Demonstrators March During An Anti Government Protest In Tripoli, Libya
Thanks to these foreign interventions, the fighting in Libya has also long been a ‘proxy’ war, with the unfortunate Libyan people at the centre of a regional maelstrom

By Jonathan Gorvett, CM Regional Correspondent

AFTER more than a year of fighting, thousands of deaths and the large‑scale collapse of many basic services, last weekend saw most of Libya’s warring parties finally agree a ceasefire.

The head of the UN-recognised Government of National Accord (GNA), Fayez al-Sarraj, announced on August 21 that he had “issued instructions to all military forces to immediately cease fire and all combat operations in all Libyan territories.”

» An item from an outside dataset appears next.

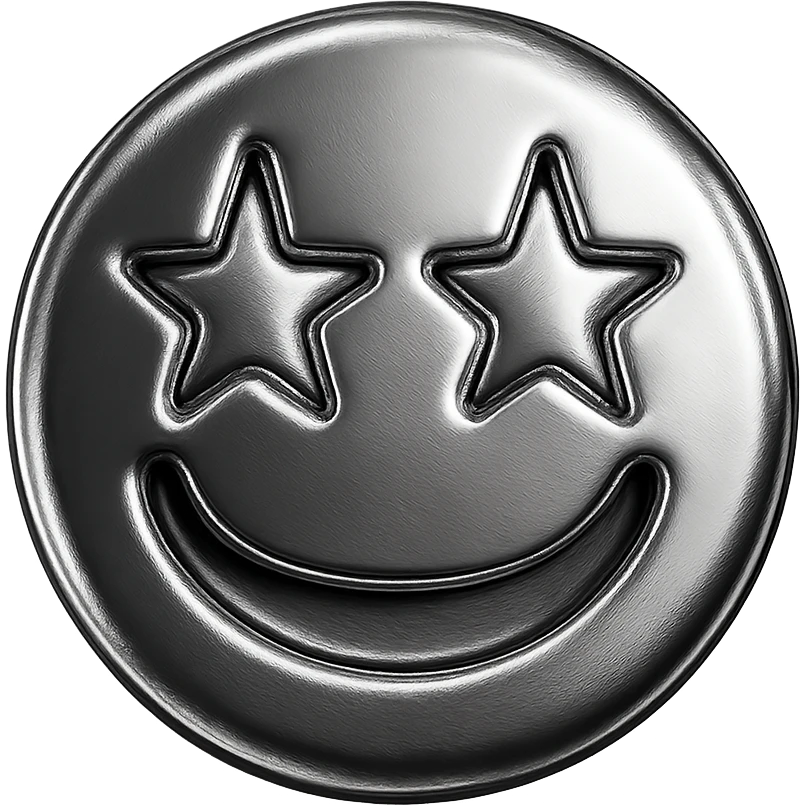fluffy, shiny and reflective, chrome style emoji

The move was welcomed by the United Nations, the European Union and a range of other states, many of whom have backed one side or other in the conflict during the last few years.

Indeed, thanks to these foreign interventions, the fighting in Libya has also long been a ‘proxy’ war, with the unfortunate Libyan people at the centre of a regional maelstrom.

In this, the GNA, based in the western capital of Tripoli, has the firm, military backing of Turkey and the political support of Italy.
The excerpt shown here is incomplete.